Prior to joining NNEDV, Deborah was the Senior Vice President of Public Policy and Research at the American Association of University Women (AAUW). At AAUW, Deborah led the public policy, legal advocacy, and research departments to advance the organization’s vision at the local, state, and federal levels. In this role, Deborah developed strategic campaigns through advocacy, case law development, and research to reshape a public policy agenda and to marshal broad support for gender equity initiatives with respect to economic security, education, and leadership roles for women. She co-lead the national Paycheck Fairness Act coalition and the organization’s fight against the Administration’s rollback of sexual assault and sexual harassment protections in schools. She is the co-author of several AAUW research reports, including The Simple Truth about the Gender Pay Gap; Limiting our Livelihoods: The Cumulative Impact of Sexual Harassment on Women’s Careers; and Broken Ladders: Barriers to Women’s Representation in Nonprofit Leadership.

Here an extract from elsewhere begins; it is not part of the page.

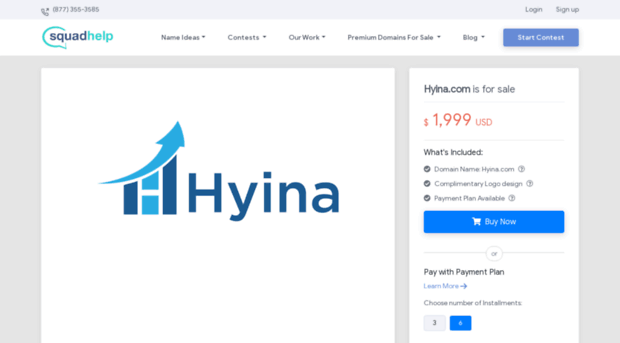 hyina.com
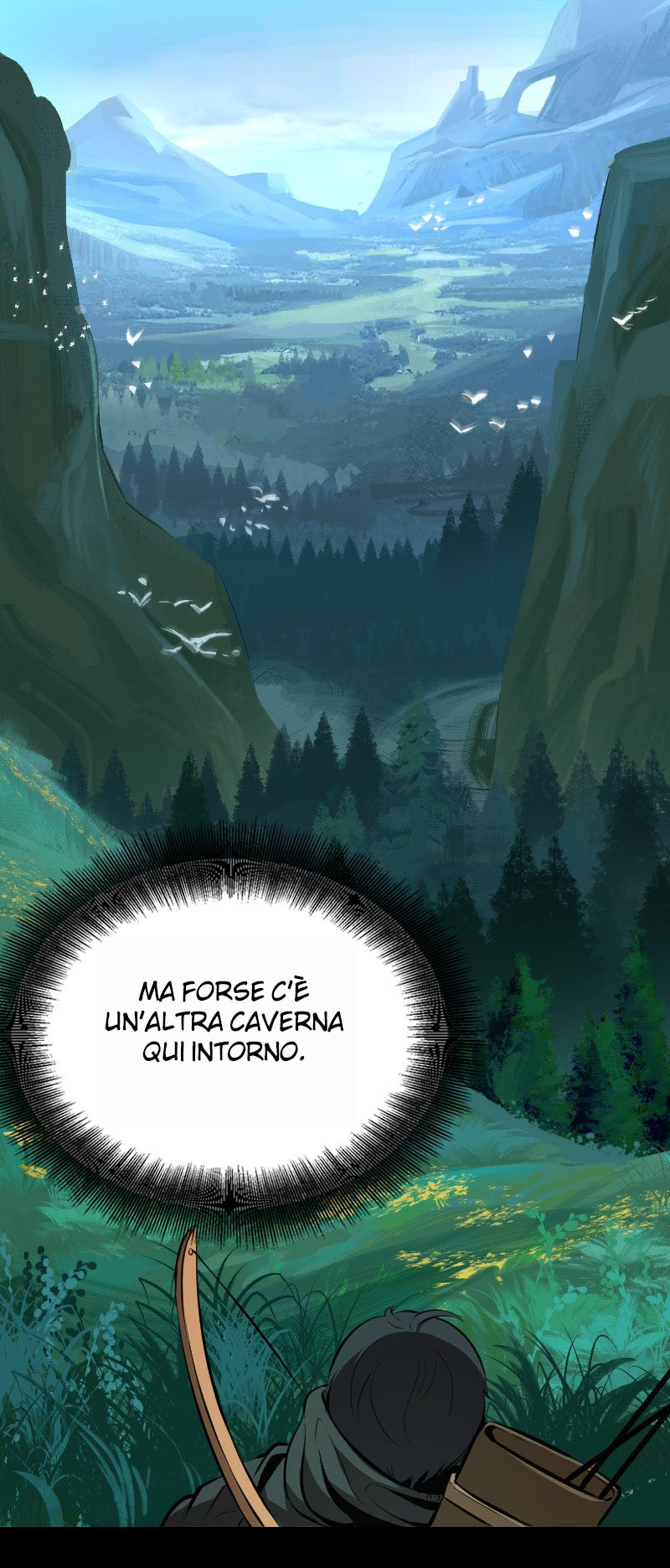 Read The Primal Hunter IT Manga Online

Before AAUW, Deborah was a Chief of Staff and Principal Attorney Advisor at the U.S. Equal Employment Opportunity Commission (EEOC). Deborah rendered legal interpretations regarding Title VII of the Civil Rights Act of 1964, the Equal Pay Act, the Age Discrimination in Employment Act, the Americans with Disabilities Act, and other laws governing equal employment opportunity. She served as an agency representative on the White House Council for Women and Girls, the White House Equal Pay Task Force, and the DOJ Interagency Transgender Workgroup. Among other projects, she was part of the teams working on the EEOC’s groundbreaking positions on LGBTQ workplace protections, the EEOC’s pay data collection initiative, and new guidance on retaliation and pregnancy discrimination.

Prior to joining the EEOC in 2015, Deborah was the Senior Legislative Counsel on civil rights issues for the American Civil Liberties Union Washington Legislative Office. In this position, Deborah led campaigns on federal legislative and executive branch actions, including on employment discrimination and pay equity, voting rights, racial disparities in education and the school-to-prison pipeline, disability rights, and other civil and human rights issue areas. She worked closely with coalition partners and key congressional, White House, and federal agency staff to advance a national civil rights agenda.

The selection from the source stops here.